*THE TASK*:
Please write out the data below once more, exactly as it stands.

Data extracted from a collection
□ □ □
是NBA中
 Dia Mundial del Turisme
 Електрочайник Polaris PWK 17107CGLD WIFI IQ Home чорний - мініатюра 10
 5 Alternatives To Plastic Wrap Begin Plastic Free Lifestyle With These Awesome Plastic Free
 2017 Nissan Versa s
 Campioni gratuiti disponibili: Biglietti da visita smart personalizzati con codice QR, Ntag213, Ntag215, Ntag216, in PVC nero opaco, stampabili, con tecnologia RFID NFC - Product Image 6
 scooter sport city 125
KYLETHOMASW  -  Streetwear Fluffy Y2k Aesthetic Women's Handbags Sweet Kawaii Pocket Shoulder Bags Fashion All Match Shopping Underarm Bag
□ □ □
*WRITTEN ANSWER*:
是NBA中
 Dia Mundial del Turisme
 Електрочайник Polaris PWK 17107CGLD WIFI IQ Home чорний - мініатюра 10
 5 Alternatives To Plastic Wrap Begin Plastic Free Lifestyle With These Awesome Plastic Free
 2017 Nissan Versa s
 Campioni gratuiti disponibili: Biglietti da visita smart personalizzati con codice QR, Ntag213, Ntag215, Ntag216, in PVC nero opaco, stampabili, con tecnologia RFID NFC - Product Image 6
 scooter sport city 125
KYLETHOMASW  -  Streetwear Fluffy Y2k Aesthetic Women's Handbags Sweet Kawaii Pocket Shoulder Bags Fashion All Match Shopping Underarm Bag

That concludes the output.